WORK TO BE COMPLETED >>
Exactly the line that contains "岩手県からお越しいただき、ありがとうございました🙇‍♂️" and the lines following it to the end of the data are to be reproduced, and nothing more.

--- PROVIDED DATA Enclosed Below ---

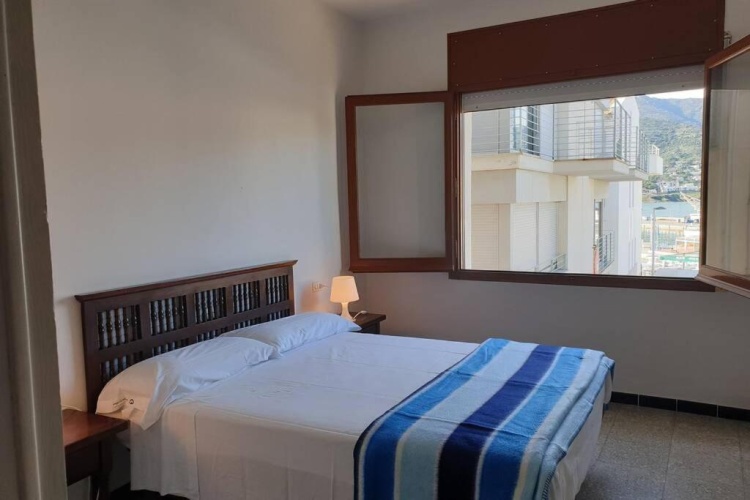 2 Bedrooms Triple Apartment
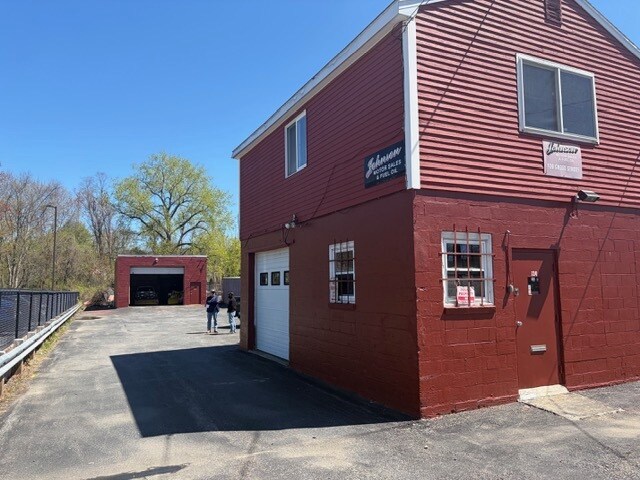Primary Photo Of 130 Cross St, Winchester Service For Lease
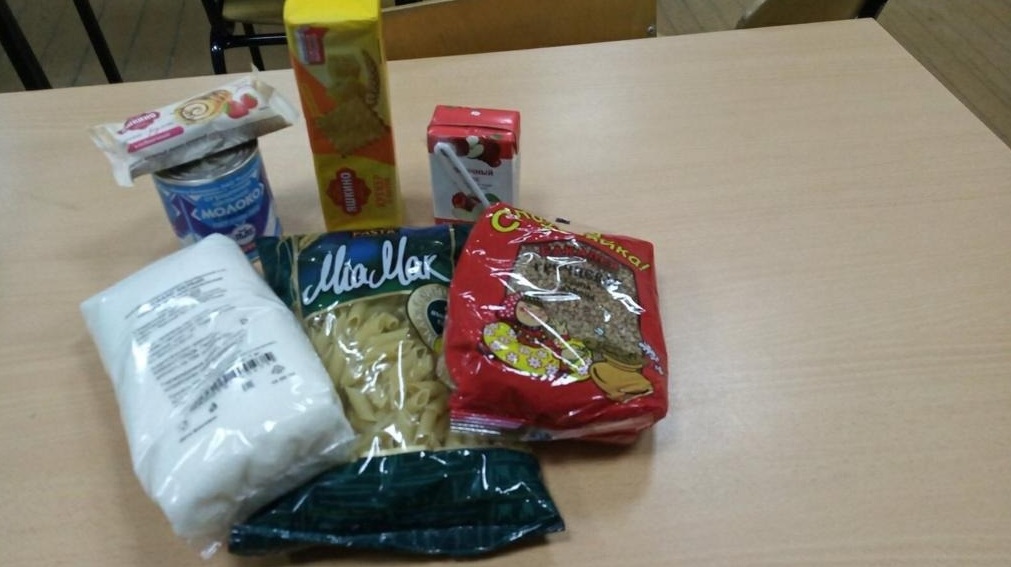 В Саратове продолжают выдавать школьникам продуктовые наборы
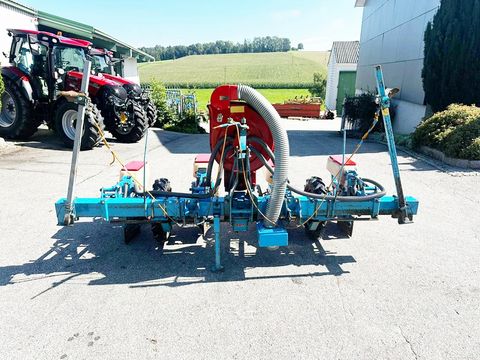 Monosem PNU 4-reihige Einzelkornsämaschine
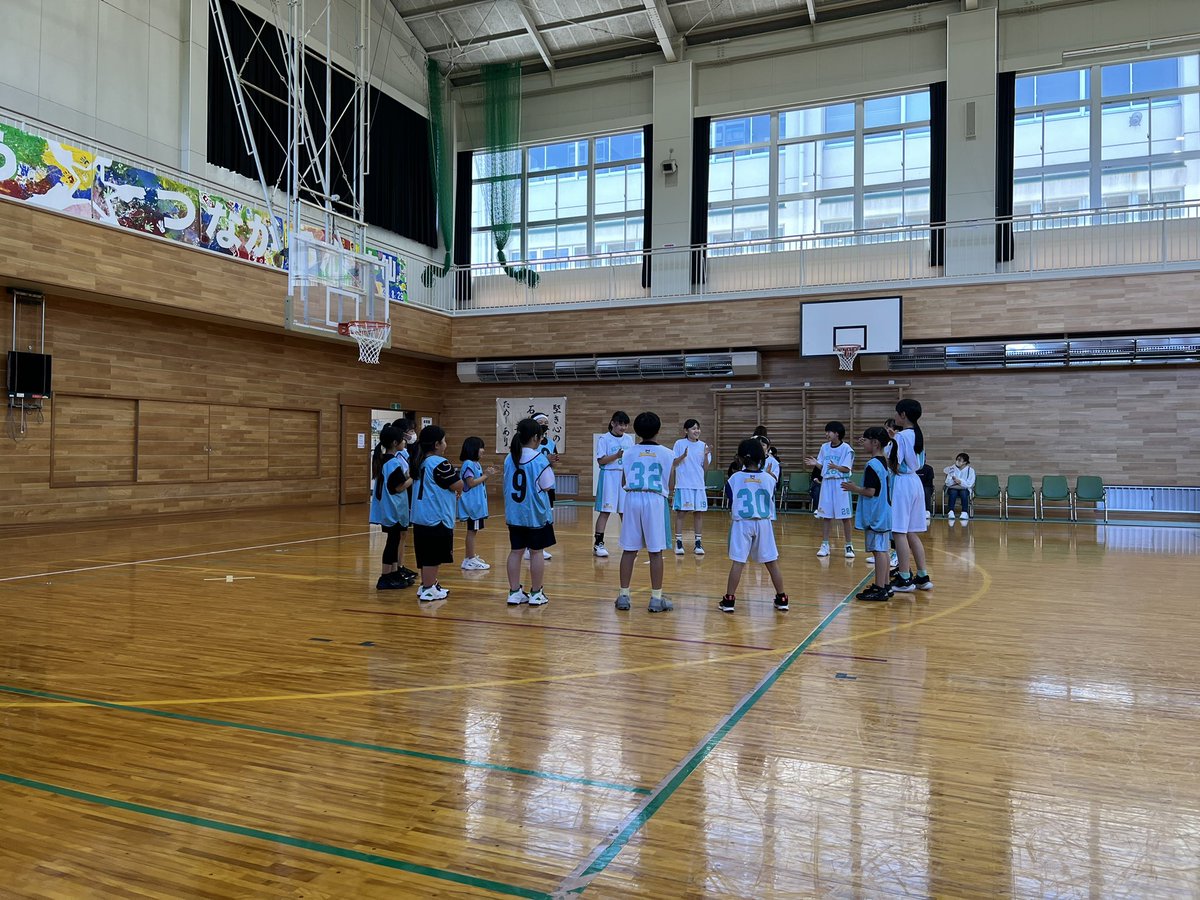 KminiBASKETBALL's tweet photo. 【練習試合】

今日も一日練習試合でした!!
岩手県からお越しいただき、ありがとうございました🙇‍♂️
新メンバーもたちの成長も見られました✨
素晴らしい👏

明日からまた練習頑張ろう🔥

#気仙沼ミニバスケットボール少年団 #気仙沼ミニバス #ホヤぼーや #ミニバス #気仙沼 #バスケットボール https://t.co/bhd7HqDLug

--- End of Enclosed PROVIDED DATA ---

REPLY TO THE TASK >>
岩手県からお越しいただき、ありがとうございました🙇‍♂️
新メンバーもたちの成長も見られました✨
素晴らしい👏

明日からまた練習頑張ろう🔥

#気仙沼ミニバスケットボール少年団 #気仙沼ミニバス #ホヤぼーや #ミニバス #気仙沼 #バスケットボール https://t.co/bhd7HqDLug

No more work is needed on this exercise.